Two major imbalances have been pointed out as the reason for the coming crisis: massive growth of household debt, which soon is believed to exceed 180 percent of available income, as well as the heavy influx of asylum-seekers from the Asia and Africa.
"Sweden has one of the largest banking sectors in relation to the size of the country's economy and may find it difficult to manage a banking crisis as a result of an unsustainable household debt," the economists wrote.
"There is a threat of mass unemployment among the new arrivals, which may stir social tensions," the report said.
According to the economists, competent bodies have turned a blind eye to the development of this terrible situation for too long. At present, the crisis can no longer be prevented, but only "mitigated," they argued.

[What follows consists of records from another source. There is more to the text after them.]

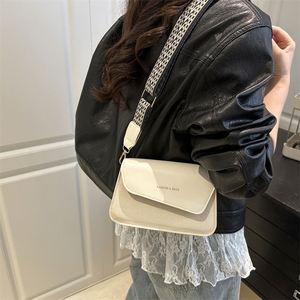 Versatile Design Women's Crossbody Bag Simple Fashionable <b>Square</b> Shoulder Bag with Zipper Closure Single Strap PU Waterproof - Product Image 3
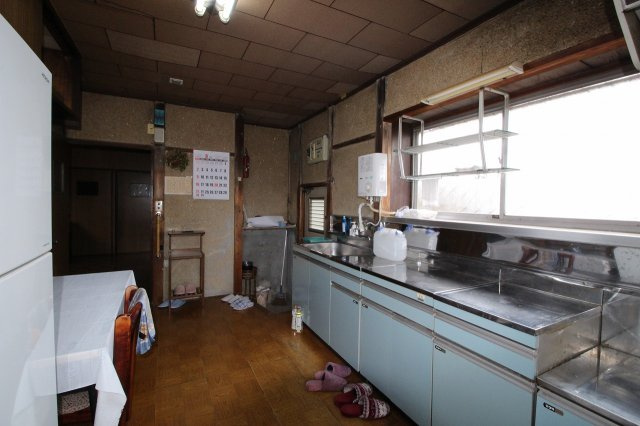 小山市羽川のキッチン|キッチンと居室がつながる配置で、家族とのコミュニケーションも取りやすい間取り。レトロながら収納が豊富で、必要な機能がしっかり備わった使いやすいキッチンです。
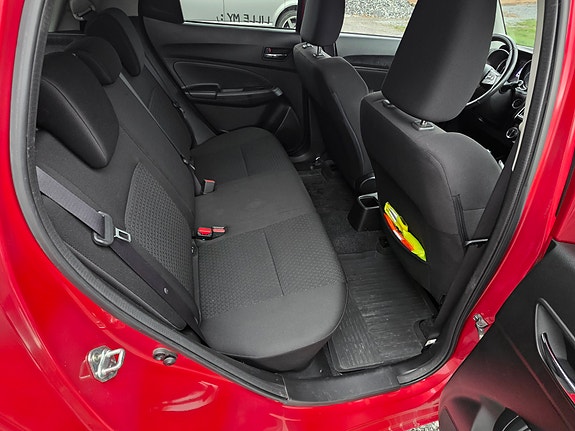 Suzuki Swift 13 of 17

"The economic crash will hit hard both the Swedish economy and the Swedish model. History shows that financial crises turn out to be most costly during peacetime. Together with the outlay on reception of refugees and the lack of integration, the effects of the crisis may be even worse," summarized the expert trio.
Despite the immigration being touted by Sweden's major media and mainstream politicians as "a great opportunity," the government has been forced to spend billions on creating tax-funded welfare jobs.
Prime Minister Stefan Löfven also stressed the need for more menial jobs in Sweden. At the same, he noted that immigrants should work with Sweden's cultural heritage, digitalize documents in public administration and take care of the elderly and the sick.
Last year, the unemployment rate among native Swedes was 4.6 percent — compared to 21.6 percent among foreign-born in general, with the percentage peaking among low-skilled immigrants.